Zdaniem Ernesta Gellnera dopiero XX stulecie, era przyspieszonej industrializacji oraz upowszechniania się np. umiejętności czytania, który to proces – nieco zmieniony - zwykliśmy ostatnio określać słowem „globalizacja”, stworzyło sprzyjające warunki do rozwoju nacjonalizmu.
Nacjonalizm to postawa społeczno-polityczna uznająca interes własnego narodu za nadrzędny wobec interesu grup społecznych, społeczności regionalnych czy wyznań religijnych. Ideologia ta uznaje państwo narodowe za najwłaściwszą formę organizacji społeczności złączonej wspólnotą pochodzenia, języka, historii i kultury. Ważnym aspektem nacjonalizmu jest zerwanie z wewnętrznymi podziałami społeczeństwa, odrzucenie przeżytków (takich jak klasy społeczne), modernizacja i rozwój. Taki program zawarł Roman Dmowski w "Myślach nowoczesnego Polaka". Skrajną formą nacjonalizmu jest szowinizm. Nierzadko konsekwencją nacjonalizmu był antysemityzm , które to zjawisko należy jednak rozumieć z całą jego złożonością, zwłaszcza w odniesieniu do czasów przed drugą wojną światową.
Nacjonalizm był jednym z elementów faszyzmu, obecnie skrajny nacjonalizm odrodził się jako neonazizm .

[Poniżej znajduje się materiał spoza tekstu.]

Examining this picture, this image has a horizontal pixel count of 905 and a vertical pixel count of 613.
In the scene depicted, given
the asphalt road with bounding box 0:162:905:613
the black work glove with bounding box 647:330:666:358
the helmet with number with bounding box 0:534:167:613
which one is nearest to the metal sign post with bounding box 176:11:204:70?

Opierając się na definicjach podanych w aspektach społecznych i kulturowych można wysunąć jednoznaczny wniosek, iż te dwa procesy są dla siebie przeciwstawne. Proces globalizacji jest czynnikiem, który zaciera różnice kulturowe miedzy narodami, niszczy odmienność kultur. W tak szybkim tempie globalizowania świata identyfikacja narodowa przestaje być tak ważna i silna, traci dotychczasową wartość. Ludzie migrują, zmieniają kraje zamieszkania, zmieniają nawyki kulturowe, bardziej czują się kosmopolitami, problem tożsamości narodowej jest słabiej przeżywany. Lista problematycznych kwestii tego procesu jest długa najczęściej wymieniane to rozpad państw obywatelskich, kwestie obywatelstwa, konflikty międzyrasowe i międzyetniczne, napięcie pomiędzy prawami człowieka a prawami obywatela. Często podkreśla się, że globalizacja zagraża ciągłości i autentyczności państw narodowych, ich niezależności, jak również niszczy lokalną kulturę i tradycje. Prowadzi to do powstawania i rozwoju ruchów antyglobalistycznych.

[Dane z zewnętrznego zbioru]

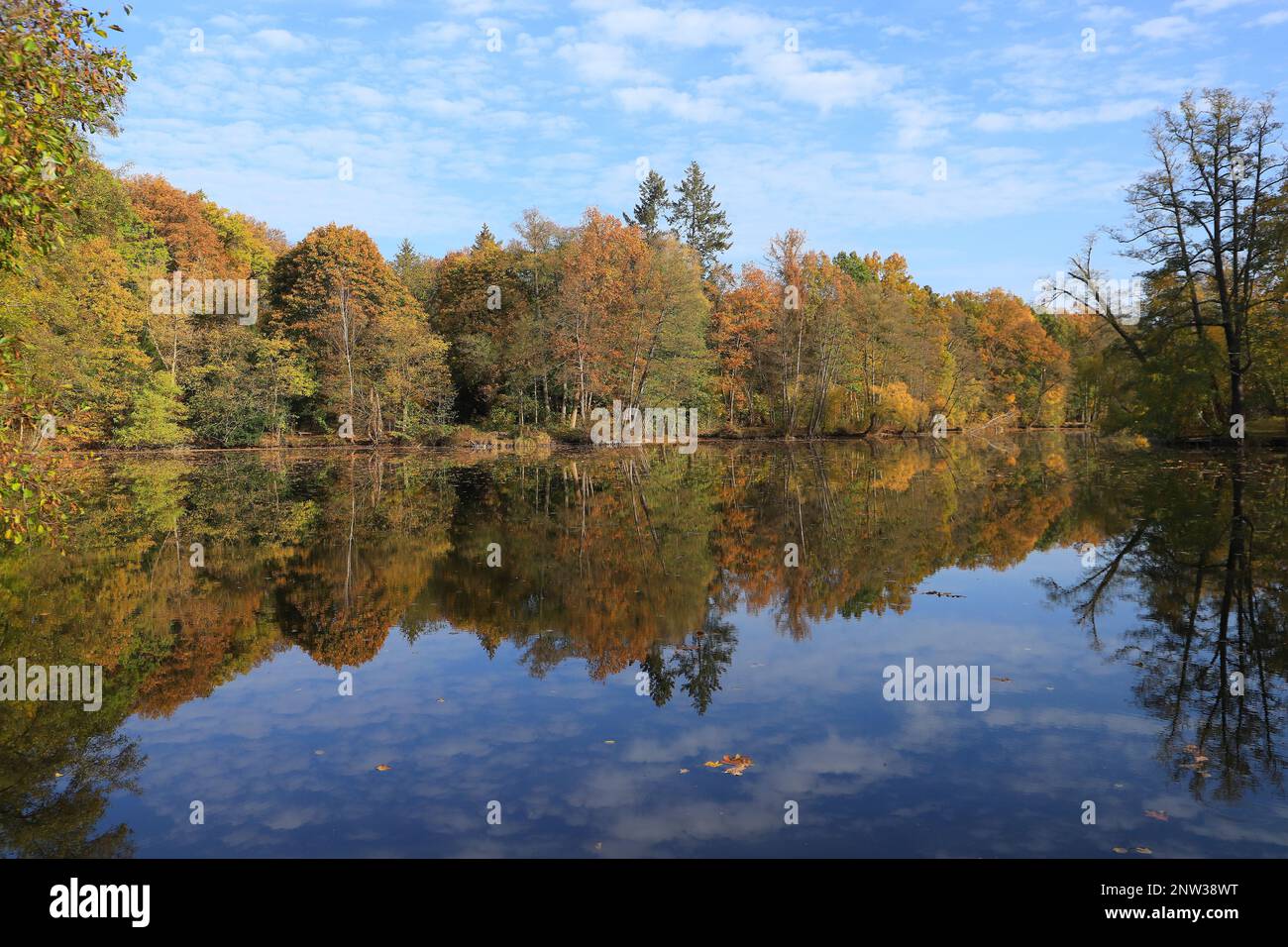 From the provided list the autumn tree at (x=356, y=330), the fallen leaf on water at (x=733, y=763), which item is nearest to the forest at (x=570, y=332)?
the autumn tree at (x=356, y=330)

Z drugiej strony w procesie globalizacji dostrzeżono wiele pozytywnych cech. Globalizacja może prowadzić do rozwoju nowych form rządów oraz rozszerzenia demokracji na wszystkie państwa świata, a w rezultacie - do powstania nowego pokojowego systemu światowego.
Jednakże część intelektualistów uważa za błąd narzucanie systemu kapitalistycznego i demokratycznego. Globalizacja wymusza wprowadzenie i życie według standardów Zachodnich, nie patrząc czy świadomość "oswobadzanych" społeczeństw jest zainteresowana przyjęciem takiego modelu życia.
Wobec takich argumentów, nasuwa się jednoznaczny wniosek, ruchy nacjonalistyczne są potrzebne w państwach jako środek małego zahamowania globalizacji. Należy chronić swoja tożsamość narodowa i kulturę. Głęboka potrzeba ochrony kultury przez wspólnoty ludzkie jako znaku ich tożsamości, zwiększenia jej mocy przetrwania poprzez przekaz transgeneracyjny sprawi, ze jednym z centralnych problemów kultury nadchodzących dziesięcioleci będzie pogodzenie obiegu globalnego z własnym, wspólnotowym wymiarem kultury, poczynając od kultury rodzimej, kultury „pierwszego kręgu”, która rodzi (formuje) człowieka poprzez inicjacyjny cykl transkulturacji. Sadze ze większe szanse ochrony i rozwoju będą mieć kultury otwarte o tzw. Miękkim kanonie niż kultury o twardym kanonie. Problemem jest znalezienie optymalnego punktu miedzy granica adsorpcji (chłonności), która zagraża kulturom naśladowczym a zamknięcia grożącego kulturom etnocentrycznym.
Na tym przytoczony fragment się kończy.